In State v. Barton, the Washington Supreme Court examined the mandate found in Article I, section 20 of the Washington State Constitution that criminal defendants “shall be bailable by sufficient sureties.”  The Court interpreted the phrase to mean that a criminal defendant has the right to make bail by using a surety, i.e., a third party guarantor, should he or she be charged with a bailable offense; the trial court cannot require the defendant to post bail “in cash or other security” without allowing the alternative of posting bail through a third-party arrangement.
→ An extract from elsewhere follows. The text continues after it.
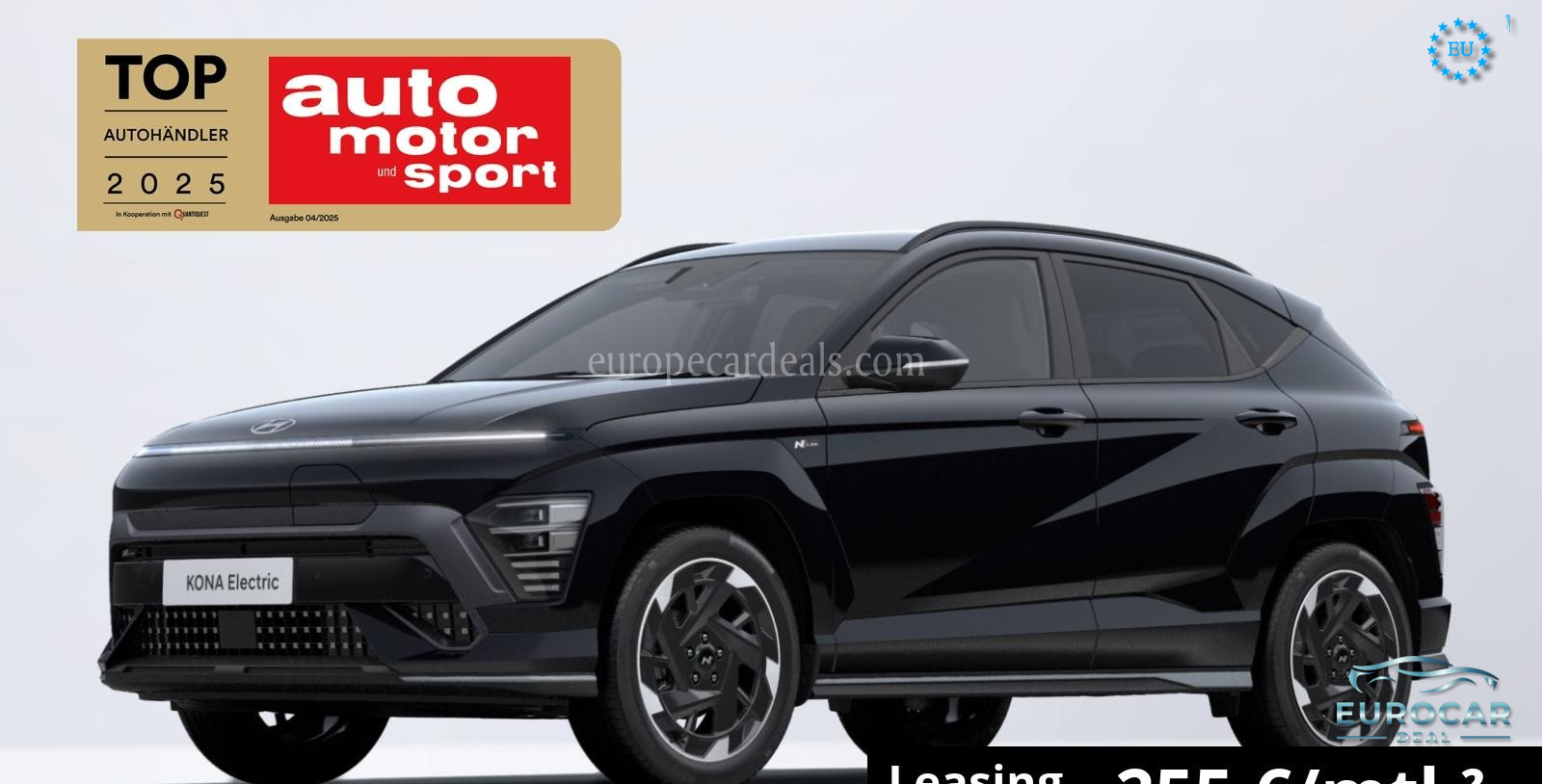 Hyundai KONA Elektro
In State v. Homan, the Washington Supreme Court (7-2) disagreed with the Court of Appeals’ conclusion that there was insufficient evidence supporting the defendant’s conviction of child luring.  The defendant had challenged his conviction, arguing that the evidence was insufficient for conviction and that RCW 9A.40.090 (Washington’s luring statute) is unconstitutionally overbroad in violation of the First Amendment.  The Court of Appeals accepted the defendant’s first argument and did not address the second.  The Supreme Court reversed the Court of Appeals on the issue of the sufficiency of the evidence, but remanded the case to the Court of Appeals for a determination of whether RCW 9A.40.090 is unconstitutionally overbroad.  The Court concluded that the First Amendment issue merited additional briefing and argument.  In dissent, Justices Owen and Johnson were ready to reach the issue and thought the statute was not overbroad.